Writing subtitles helped create a style purged of superfluous prose

He’s written two more since then, has sold worldwide, and in 2010, The Twin won the International IMPAC Dublin Literary Award. The Twin has been made into a movie, and his latest book The Detour has been signed up for one.
Talking on the phone from Amsterdam, Bakker is quietly spoken, modest, and clearly sensitive. He answers each question with apparent interest and courtesy. But this is no surprise. That sensitivity to humanity is evident in his writing. All this success, yet Bakker still feels surprised to have made it as a writer.
“The movie of The Twin was shown a month ago at the Berlin Film Festival. They’ve done a wonderful job. I’ve seen it twice,” he says. “I cycled home with the film version of the book last week. And I thought of all that has happened in just eight years. I’m amazed. And a bit bewildered.”

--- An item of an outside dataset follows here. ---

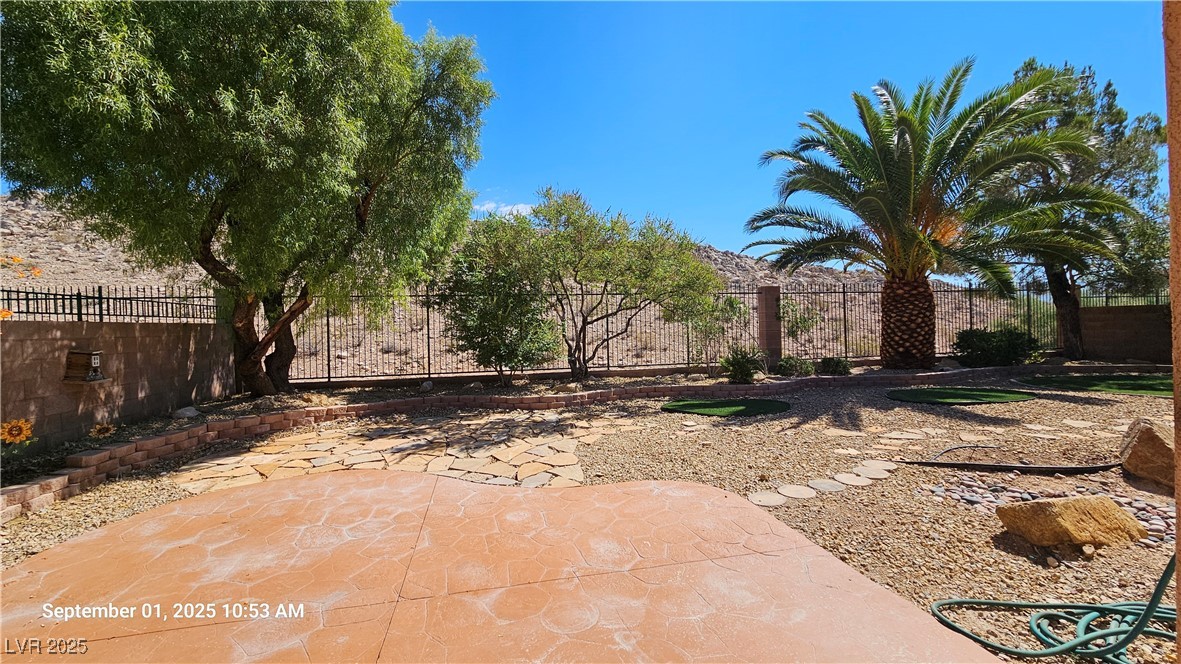 10830 Del Rudini Street Property Photo 29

The Detour is about Emilie, a Dutch woman who is renting a remote farmhouse in Wales. She seems aimless, and is happiest by herself. She spends time at a stone circle, but she gets bitten by a badger, so has to engage with the locals. They think her an oddity.
It’s soon clear that she’s left her husband, having admitted an affair, but she remains an enigma. Meanwhile, in Amsterdam, her husband hires a private detective, and is soon to pay his estranged wife a visit.
But Emilie has drifted into a passionate friendship with a young man, who, first stays one night, but ends up lingering, and providing practical help, comfort and companionship. And gradually, Emilie’s secret is revealed. It’s written in stunning, yet bare prose, and is a mesmerisingly beautiful read.
Between 1995 and 2002, Bakker wrote subtitles for TV series. This taught him to condense text.
“I only had seven seconds and two lines of text so I had to leave out quite a bit, and I think that hones my writing. It gave me my style which is cleansed of metaphor and superfluous prose.
“The Detour, like The Twin, took me six months of concentrated writing,” he says. “I write for three hours in the morning, and work as a gardener in the afternoon. And I do all my editing at the same time. When the book is written it is written. So when I finish a manuscript there is little work left to do on it.”
Bakker writes a book in the same way that a reader reads it.
“I read back almost everything I’ve written up to that point, before I start writing. And the further you get into the book, the more you realise why you have written something on page three, which at the time you did not understand. I don’t think of it as inspiration. I always say it’s concentration.
“I always write straight onto the computer. The idea of writing with a pen and paper tires me out. God, the very thought of it! And I hate research. The thought of that makes me tired too.” Did he have to do much for The Detour? “No. I know North Wales well.
“When I am gardening, the book is in the back of my mind. It develops there. And the next morning it moves from the back of my mind to the front. Then I can write it down.”
“I’ve worked as a translator from English to Dutch, mostly on children’s books, but I could never translate my own books from Dutch,” he explains. “I’m pleased with David Comer’s work. The translation to English wasn’t easy for him.
“I played a lot with words and language, and, you could say that the whole book is written around one Emily Dickinson poem. Usually you let the translator do their job, and at the end you get questions. This book caused problems, so I worked on it with him a bit. We were emailing each other a lot.”
Writing, I suspect, makes him happy.
“It’s like you know me.” He pauses. “When I’m in those months of concentration, I’m the most happy person in the world. You are disconnected to everything, and at the same time extremely connected. It’s wonderful.”
The Detour came out in hardback, in England, last year. But it was published in Holland, in 2010. Bakker finished the manuscript in June that year. And he hasn’t written since.
“I’ve not written a word, but I’m fine. Maybe not very happy. No. I’m fine. I am happy.”
He’s recently bought himself a house in Germany, and he’s building himself a writing cabin.
“For the past three years, trying to write at home in Amsterdam, I haven’t been feeling like writing a novel, and you really should feel like writing one. Now I feel like feeling to write one.”
Winning all that money (€75,000, with another €25,000 going to his translator) from the IMPAC, must, surely have changed his life?
“I like having money in the bank, and I used part of it to buy the house,” he says. “But the best bit of winning the IMPAC was the four days I spent in Dublin.
“There was an interview, and a reading, and people came from everywhere in Ireland. And, really, they wanted to talk to me afterwards. That made me very happy. It was so nice. And I was thrilled to meet Colm Tóibín at the presentation. I loved The Master. I admire him so much. It was, Oh my God! Colm Tóibín. whoa!”
Was the IMPAC his greatest validation?
“What mattered to me most, more than anything else, is that The Twin came out in Denmark,” he says. “My publisher found my excitement at that very strange. She was ecstatic that it was to be translated into English, German and French, but I’ve always had a special relationship with Denmark. I like to go there, and a part of The Twin ends in Denmark.”